Revitalizing The SEC Requires Adequate Funding
SEC Chairman Mary Schapiro testified before the Senate Subcommittee on Financial Services and General Government yesterday. Most of Ms. Schapiro’s testimony recounted current efforts to reinvigorate the enforcement program and improve investor protections. Changes such as the elimination of the penalty pilot program, facilitating the process for obtaining a formal order and recent or planned rule making proposals have been discussed before.
A critical point in Ms. Schapiro’s testimony however, should be carefully considered – the lack of funding for the SEC. This is not a new topic. Ms. Schapiro however, recited a number of critical statistics in her testimony, supplemented by three graphs in an appendix, which more than make the point: The SEC is being asked to do an increasingly difficult, complex and far-reaching task with what can only be called meager resources.

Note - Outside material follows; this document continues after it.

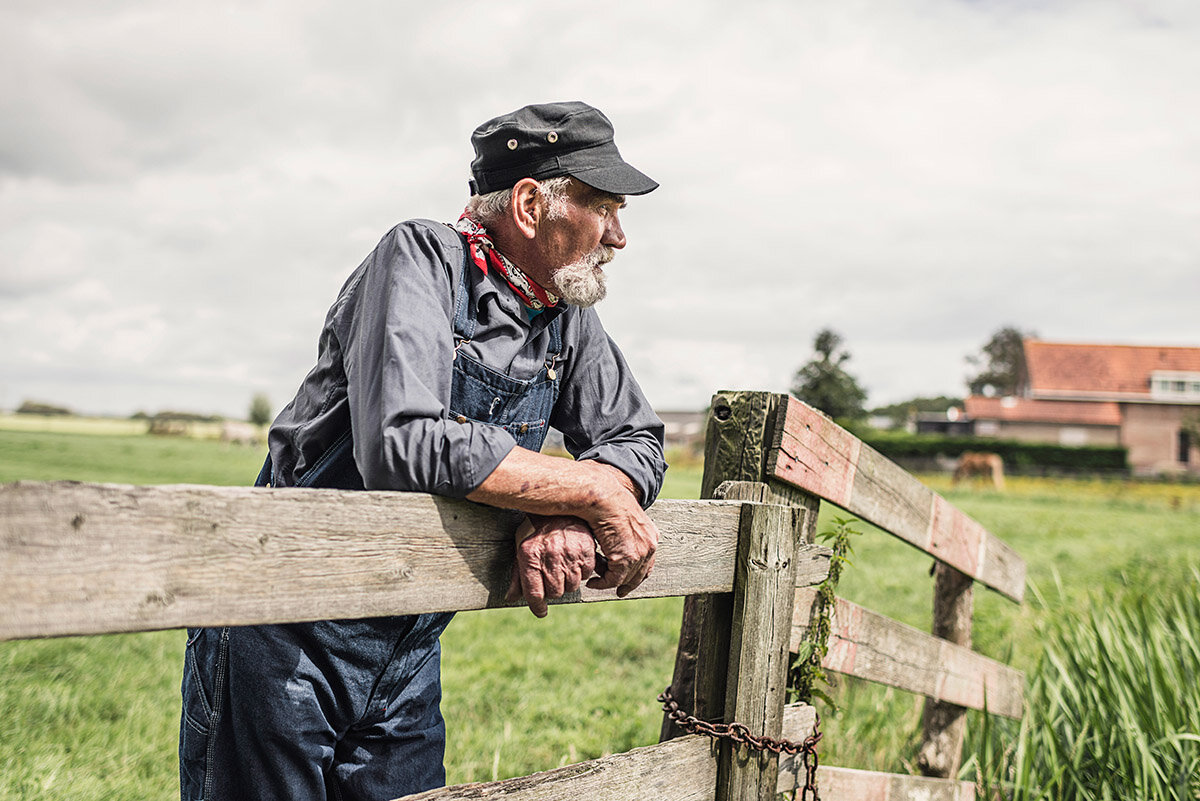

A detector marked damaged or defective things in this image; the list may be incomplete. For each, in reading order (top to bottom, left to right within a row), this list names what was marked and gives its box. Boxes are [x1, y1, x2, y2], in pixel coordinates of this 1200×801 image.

rusty chain [662, 685, 820, 796]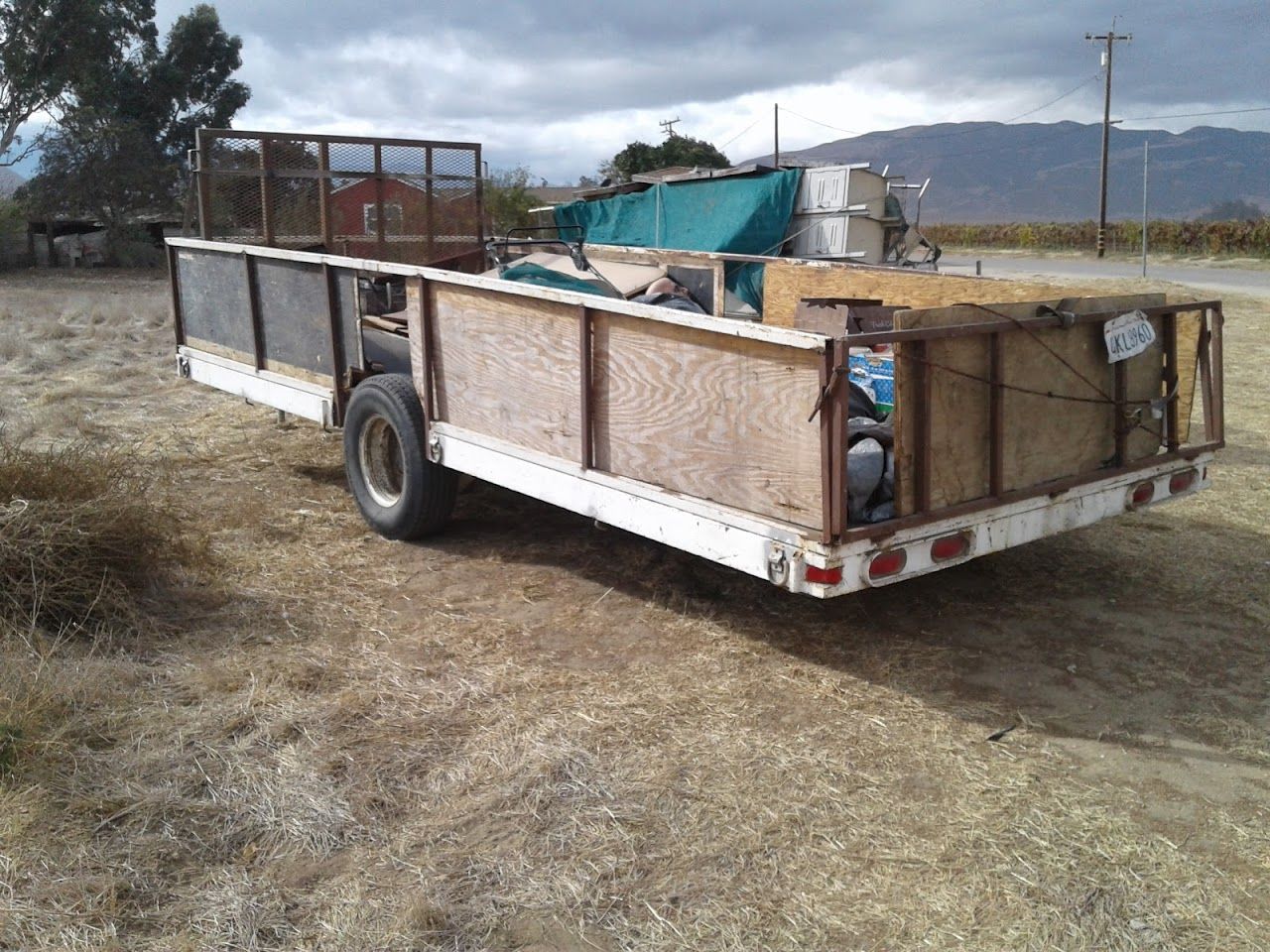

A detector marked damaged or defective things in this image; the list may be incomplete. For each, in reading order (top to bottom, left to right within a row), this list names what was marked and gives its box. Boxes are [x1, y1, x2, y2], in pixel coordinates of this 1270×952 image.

rusty metal frame [826, 301, 1230, 547]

Between FY 2005 and FY 2007, the SEC had three years of flat or declining budgets and lost 10% of its employees. During the last two fiscal years, the agency obtained sufficient resources to lift its hiring freeze and just recently obtained supporting emergency supplemental funds. This will bring the current staff level to about 5% or 200 employees below that of FY 2005. Running hard to stay even is one thing. Running harder to go backwards is another.
It gets worse. While the agency fought hard to stay just a few years behind, the task demanded of it has grown and multiplied. For example, from 2003 through 2008, the cumulative growth in securities trading volume has increased over 250%. Over that same time period, the cumulative growth in the number of investment advisors has increased over 45%, while the amount of investment advisor assets has increased over 100%. The number of broker dealer branch offices increased during that same time period by over 80%. The statistics go on. The resources of the agency do not.

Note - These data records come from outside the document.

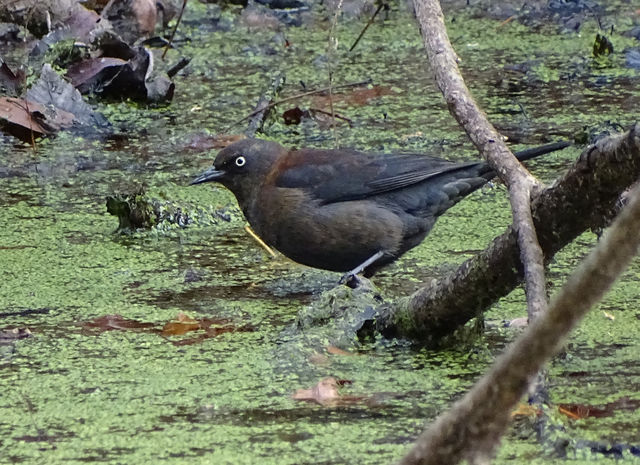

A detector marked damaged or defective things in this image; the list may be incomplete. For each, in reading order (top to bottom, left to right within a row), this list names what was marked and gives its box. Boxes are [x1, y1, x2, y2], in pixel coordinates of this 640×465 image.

rusty blackbird [189, 136, 564, 278]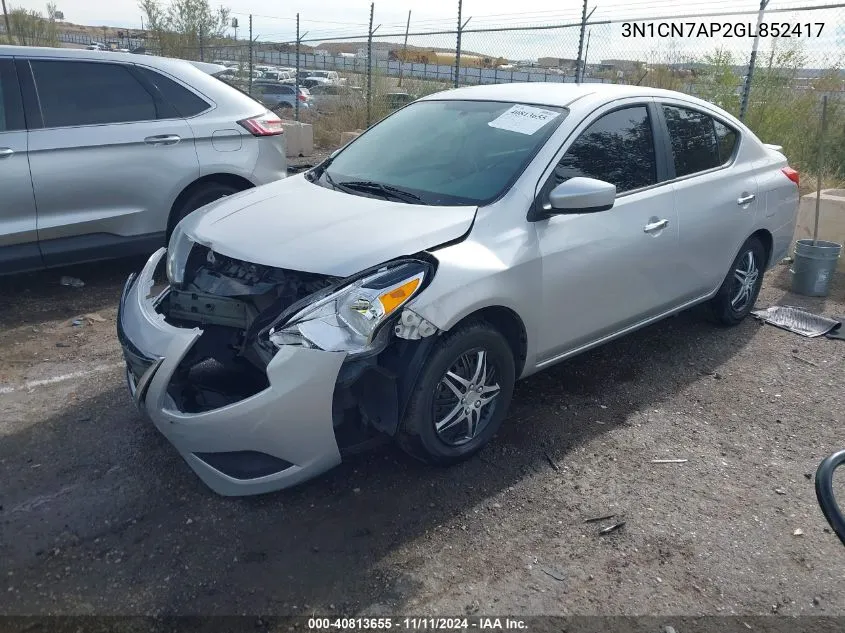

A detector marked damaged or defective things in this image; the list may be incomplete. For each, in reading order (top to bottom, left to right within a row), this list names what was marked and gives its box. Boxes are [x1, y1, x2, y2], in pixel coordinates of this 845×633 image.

crumpled front bumper [116, 249, 346, 496]
damaged silver sedan [117, 81, 796, 494]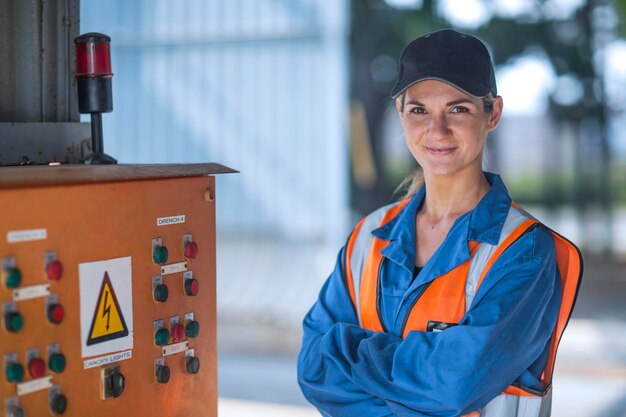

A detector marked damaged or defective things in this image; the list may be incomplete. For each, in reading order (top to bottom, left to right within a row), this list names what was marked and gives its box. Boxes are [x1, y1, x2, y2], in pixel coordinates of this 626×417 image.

rusty orange panel [0, 170, 218, 416]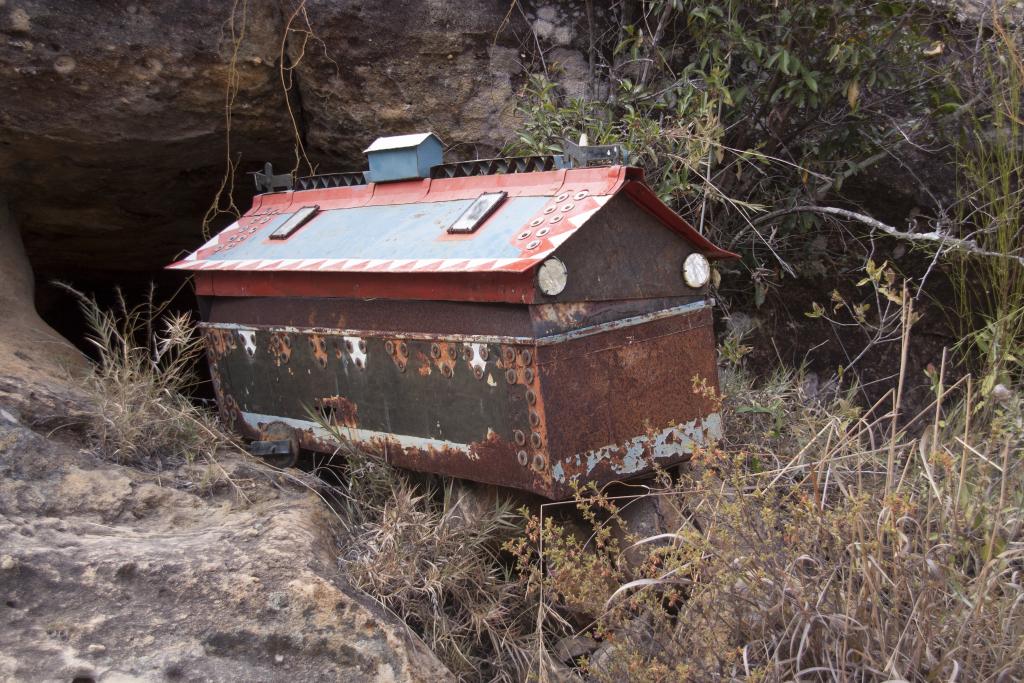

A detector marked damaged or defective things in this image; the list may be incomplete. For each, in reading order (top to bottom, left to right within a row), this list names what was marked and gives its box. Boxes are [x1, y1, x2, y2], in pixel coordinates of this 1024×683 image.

rusty metal coffin [172, 136, 740, 500]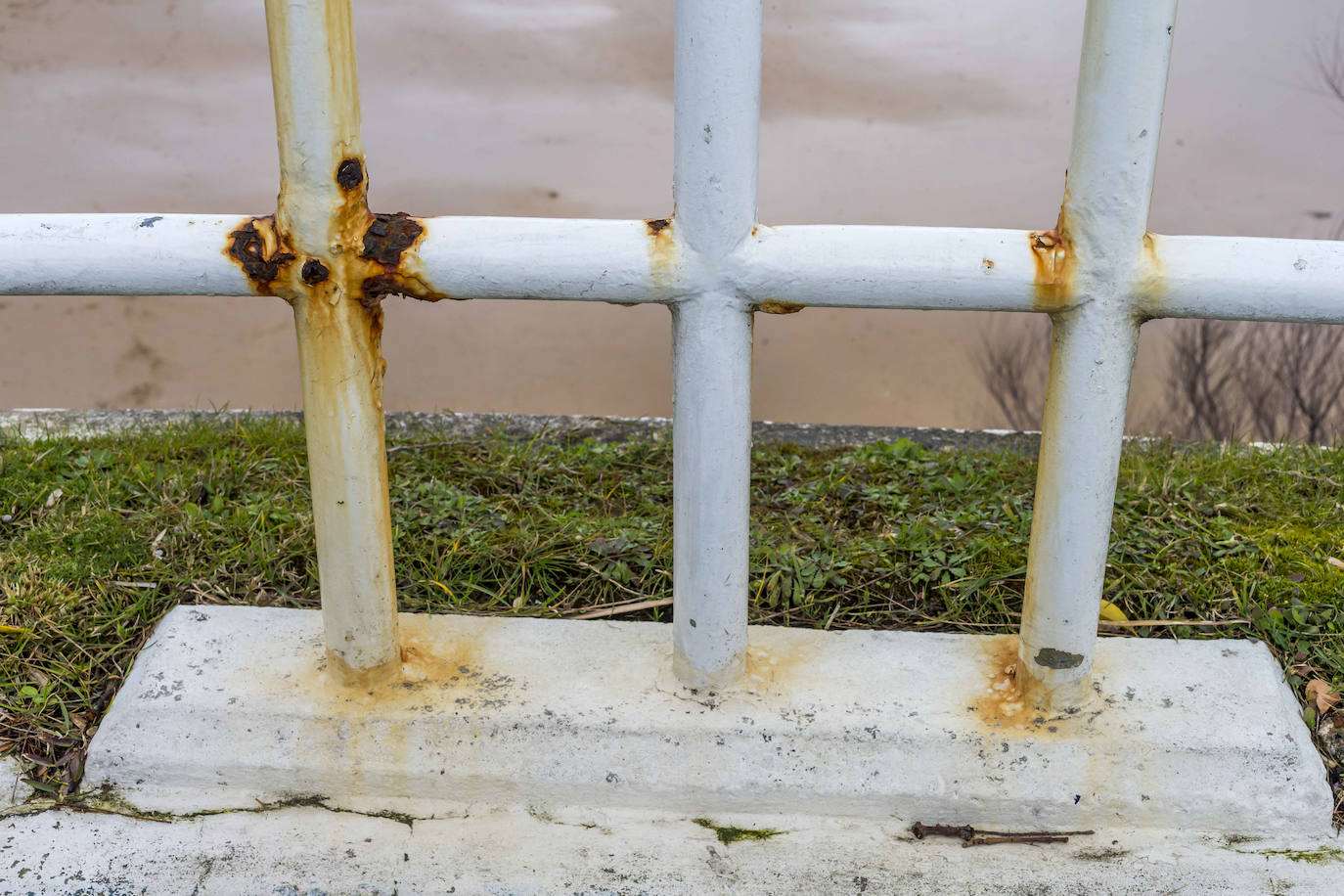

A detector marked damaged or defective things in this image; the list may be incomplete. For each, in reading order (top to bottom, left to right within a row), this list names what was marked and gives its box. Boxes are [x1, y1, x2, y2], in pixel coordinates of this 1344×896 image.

rusted joint [227, 217, 295, 293]
rust stain [645, 214, 677, 289]
yellow-brown rust drip [645, 214, 677, 289]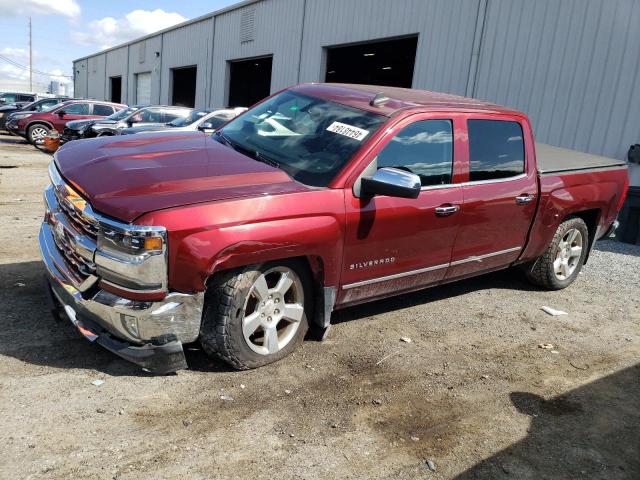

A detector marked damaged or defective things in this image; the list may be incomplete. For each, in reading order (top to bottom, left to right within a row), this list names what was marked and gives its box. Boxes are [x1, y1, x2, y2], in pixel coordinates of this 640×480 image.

damaged front bumper [39, 222, 202, 376]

The increase in the current budget proposed by the administration is clearly a step in the right direction. It is however, only the beginning. No regulator can be expected to continually do more with less. This is particularly true in view of the increasing complexity of the securities markets which only makes the Commission’s job that much more difficult.

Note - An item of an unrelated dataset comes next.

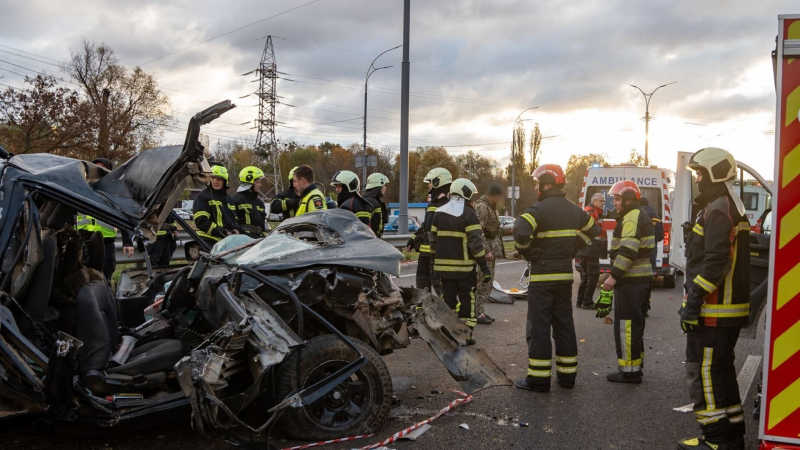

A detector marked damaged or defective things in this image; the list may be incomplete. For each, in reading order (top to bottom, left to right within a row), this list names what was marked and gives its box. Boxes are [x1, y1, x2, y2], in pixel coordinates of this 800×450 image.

crushed car body [0, 99, 510, 442]
wrecked vehicle [0, 100, 510, 442]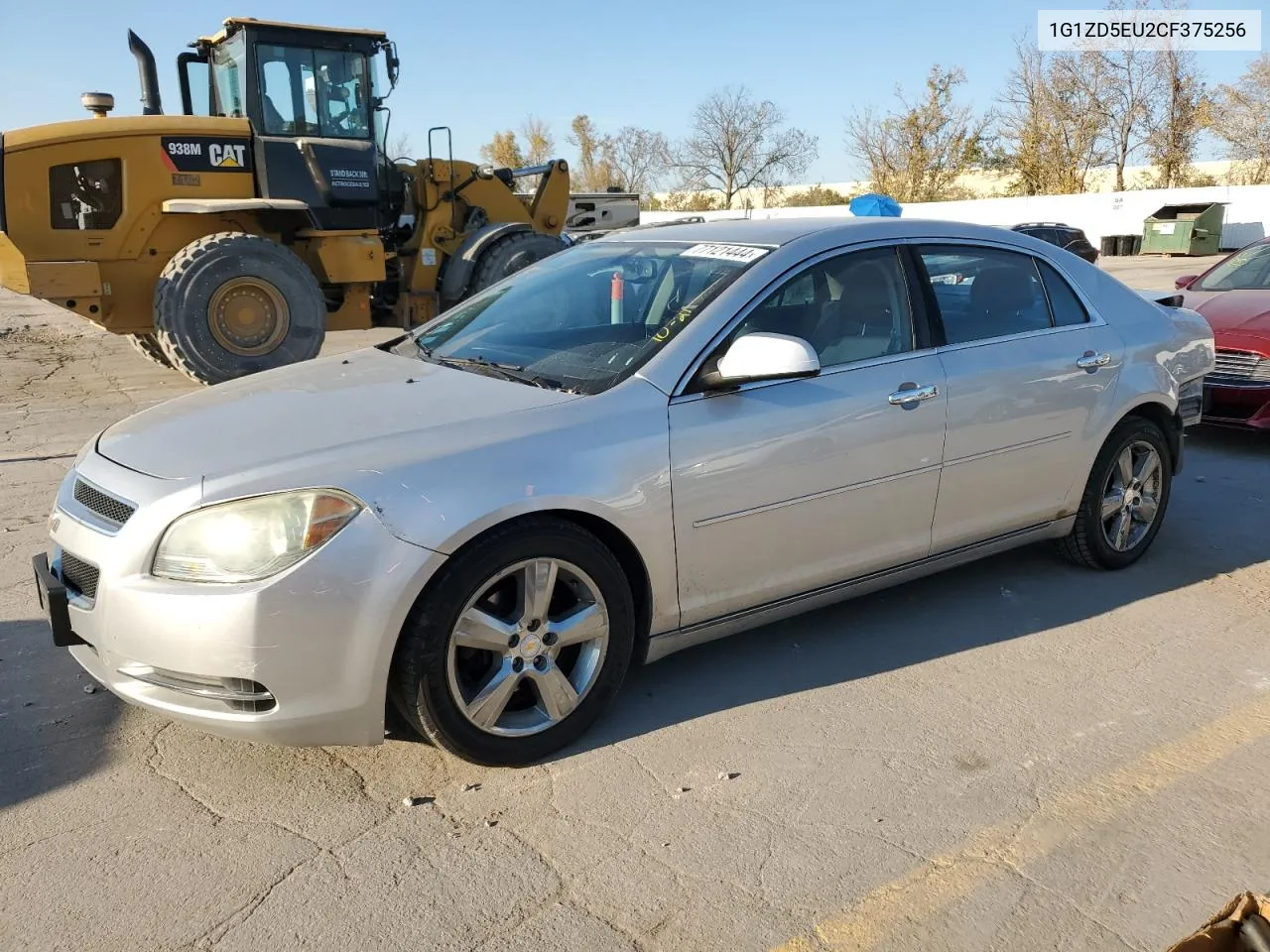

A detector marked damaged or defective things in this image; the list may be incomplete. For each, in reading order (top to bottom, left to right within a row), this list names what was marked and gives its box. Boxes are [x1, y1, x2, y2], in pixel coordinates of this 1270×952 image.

cracked concrete [0, 259, 1264, 952]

This is not to say that additional funding will solve all of the SEC’s problems. Clearly it will not. A number of the agency’s recent well publicized gaffes and outright failures would not have been cured with any amount of funding. Those however, are issues for another day. If there is to be a revitalization of the SEC, it must begin with adequate funding. Whether the agency is merged with the CFTC or several other agencies – and none of those proposals seem to make sense – without adequate funding, the job cannot be done. It is time for Congress to step up and provide the funding the SEC needs to do its job.